Gli ultimi due decenni sono stati caratterizzati da un aumento di depressione e solitudine, con da tassi crescenti di suicidi e consumo di oppioidi, perdita di produttività, aumento dei costi sanitari e della mortalità, con percezione della solitudine significativa tra gli anziani. Questo è quanto emerge da uno studio pubblicato sull’American Journal of Geriatric Psychiatry e condotto dagli esperti dell’Università della California a San Diego, che hanno utilizzato strumentazioni di intelligenza artificiale (AI) per valutare gli episodi di depressione e solitudine. “Conoscere nel dettaglio l’ampiezza e la pervasività dei fenomeni di solitudine sociale è piuttosto complesso – sostiene Ellen Lee, docente e ricercatore di psichiatria presso l’Università della California a San Diego – per via dei limiti degli strumenti di indagine disponibili, basati principalmente sul self-report, il che può portare a risposte distorte”. Il team ha utilizzato tecnologie di intelligenza artificiale per analizzare i modelli di linguaggio naturale (PNL) e discernere i gradi di solitudine negli anziani, valutando in modo imparziale emozioni e sentimenti complessi. “Negli ultimi anni – continua Ellen Lee – diversi studi hanno documentato tassi crescenti di solitudine in varie popolazioni di persone, in particolare tra quelle più vulnerabili, come gli anziani”.
La ricercatrice cita un lavoro dell’Università della California a San Diego secondo cui l’85 percento degli anziani che occupano strutture di riposo ha riportato livelli di solitudine da moderati a gravi. Il gruppo di Lee ha preso invece in considerazione 80 partecipanti indipendenti, di età compresa tra 66 e 94 anni, che sono stati intervistati dagli sperimentatori, e le conversazioni sono state analizzate dal software di comprensione della PNL e da strumenti di apprendimento automatico. “La programmazione neurolinguistica, o PNL – spiega Varsha Badal, seconda firma dell’articolo – e l’apprendimento automatico ci consentono di esaminare sistematicamente più interviste, considerando elementi che possono indicare solitudine, e l’uso di strumentazione elettronica elimina i fattori di pregiudizio e soggettività a cui le valutazioni umane sarebbero esposte”. Dai dati è emerso che gli individui con alti tassi di solitudine erano associati a risposte più lunghe nei colloqui qualitativi, esprimendo tristezza durante le domande dirette sulla solitudine. “Le donne – osserva Lee – erano più propense a riconoscere il proprio disagio, mentre gli uomini tendevano a utilizzare parole associate alla paura e alla gioia durante i colloqui. Questo studio evidenzia le discrepanze tra le valutazioni della ricerca sulla solitudine e l’esperienza soggettiva di solitudine di un individuo”. Secondo gli scienziati, i modelli di apprendimento automatico possono prevedere la percezione della solitudine con un tasso di precisione del 94 percento.
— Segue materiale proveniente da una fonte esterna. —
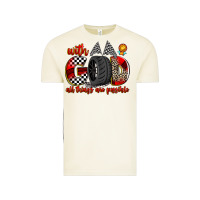 Vintage Arctic with god all things are possible Vintage Tee - Zillion Design Studio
“La nostra comprensione di questi fenomeni complessi – conclude Dilip Jeste, collega e coautore di Lee, nonché co-direttore del Center for Artificial Intelligence for Healthy Living presso il college univeristario– potrebbe migliorare notevolmente grazie all’intelligenza artificiale. Potremo prendere in considerazione fattori indiretti come cognizione, mobilità, sonno, attività fisica e salute mentale, e affinare le nostre conoscenze sull’invecchiamento, così da sviluppare metodologie di approccio specifiche per le varie fasce d’età”.